Would Michael Jackson Have Wanted Such a Big Funeral?

As is the case with any news story that elbows all the others out of the way, the media coverage of Michael Jackson's death has begun to spawn a backlash. That's understandable, given how short our attention spans are, but to those dreading the wall-to-wall coverage of Jackson's memorial, I have a simple question: how are you not completely fascinated by this? What's so captivating about the fallout from Jackson's death isn't the minutiae of how he died, but rather the uncomfortable questions that arise from the most private moment of a most public person. What is the right way to celebrate a life that belonged to everyone? How does one ensure that both Michael's family, and the strangers who thought of him as family, get to bid him farewell in a respectful manner?
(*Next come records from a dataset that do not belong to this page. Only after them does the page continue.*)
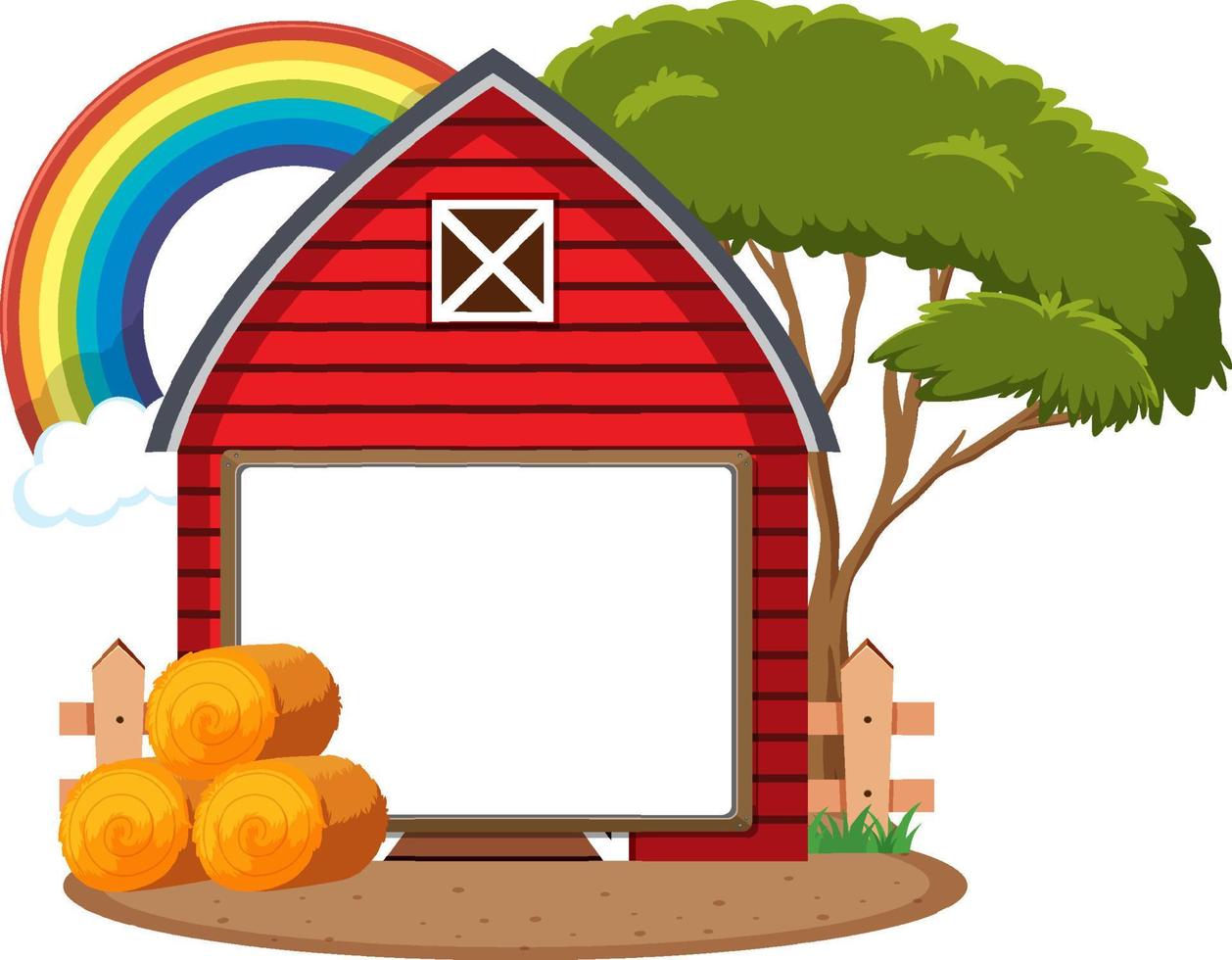 Empty board with barn farm vector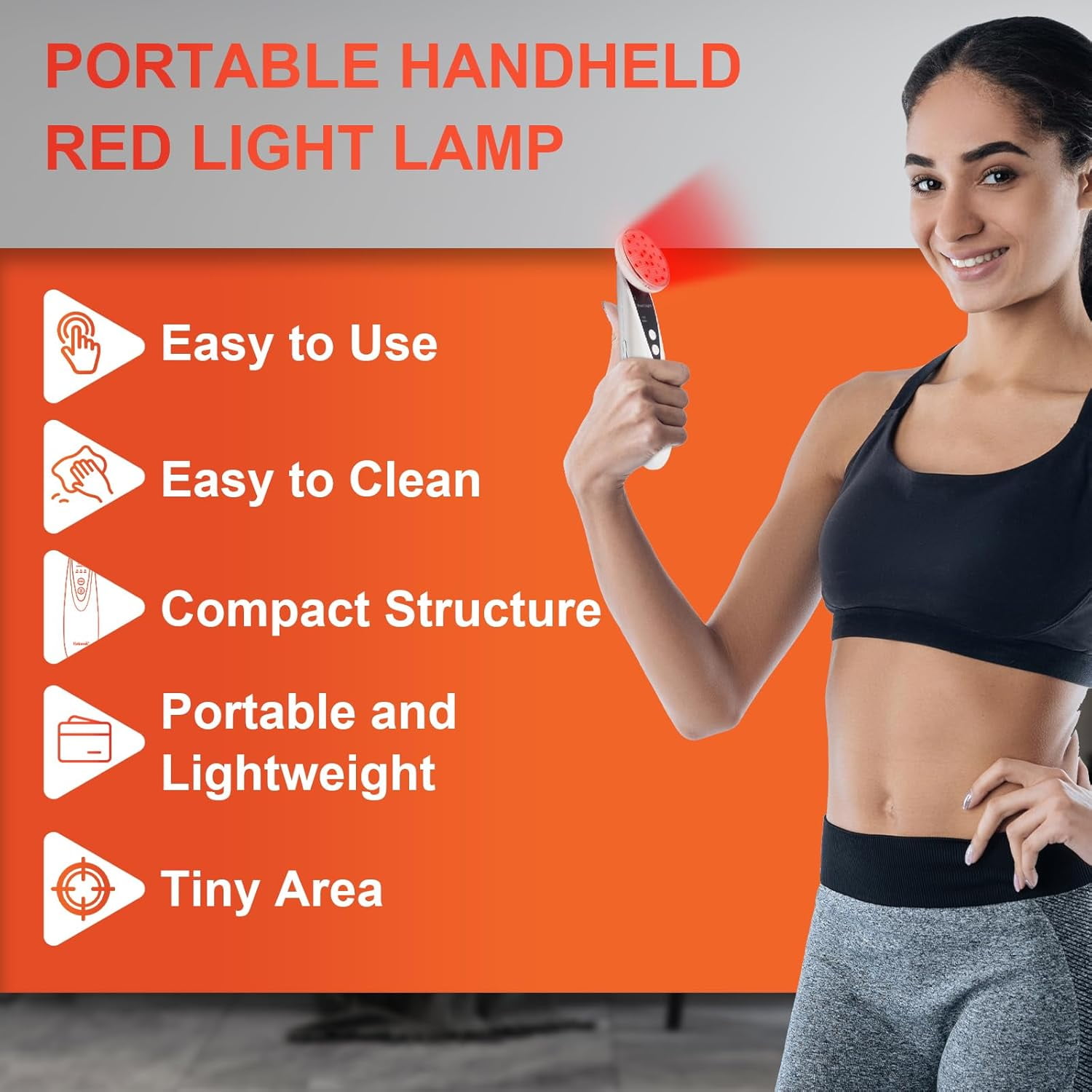 Portable Red Light , Handheld Red Light for Body, Near Infrared Light 660nm & 850nm at Home, Sliver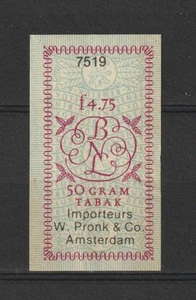 Netherlands Revenue stamp Accijns Banderol Cigarrettes Tobacco Fiscal Tabak 3 - Picture 1 of 1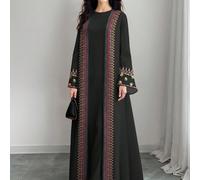 Cardigan décontracté à manches longues pour femmes avec imprimé floral brodé en spirale, abaya arabe, printemps/automne L,M,S,XLCoutume populaireTissu tissé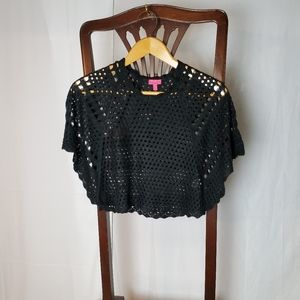 Takeout Girls Knit Cape Black Sweater in Large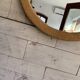 Vintage 1950s round wall mirror, wooden frame and mirror, yellow finish.
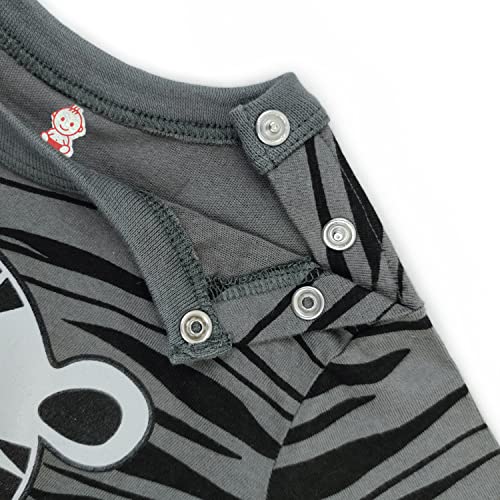 ARIEL Baby Boys & Baby girls Cotton Printed Round Neck Half Sleeve T-shirt & Short Latest Summer Clothing Sets (AR-BHALFSS-1218-GRYKATAOP_Grey_12-18 month) - Image 3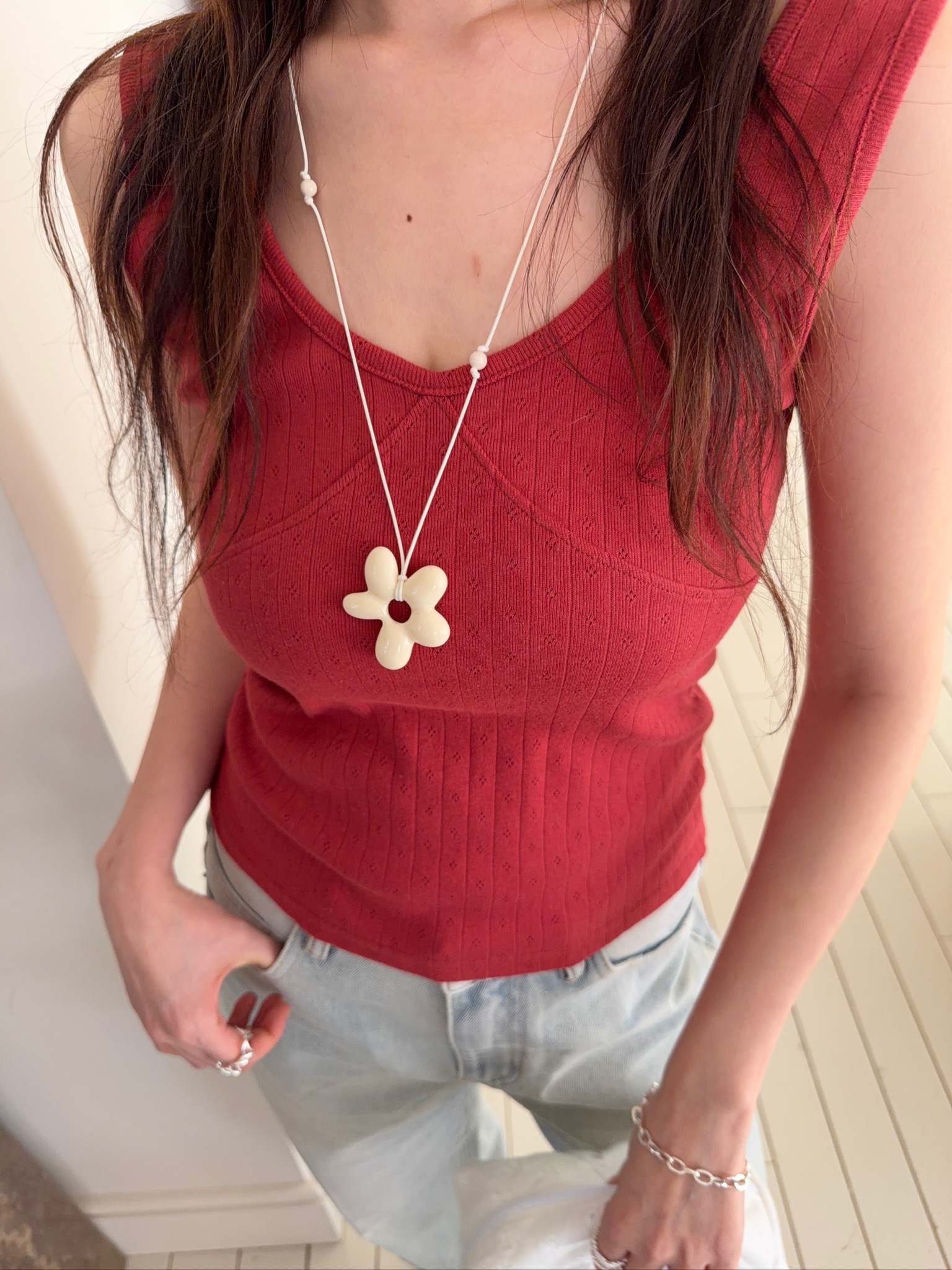 A68/大U領口花紋無袖背心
By day's end, we'll get alternate versions of the answers to these questions, but issues so fraught can never be addressed in a way that satisfies everyone. His funeral is a 17,500-person spectacle at the Staples Center in Los Angeles with a guest list that includes Jennifer Hudson, Mariah Carey, Stevie Wonder—and possibly a billion viewers worldwide. Obama's inauguration is so six months ago. The where-were-you-when moment of 2009, if not the aughts, is the day when the King of Pop lay in repose in a basketball arena.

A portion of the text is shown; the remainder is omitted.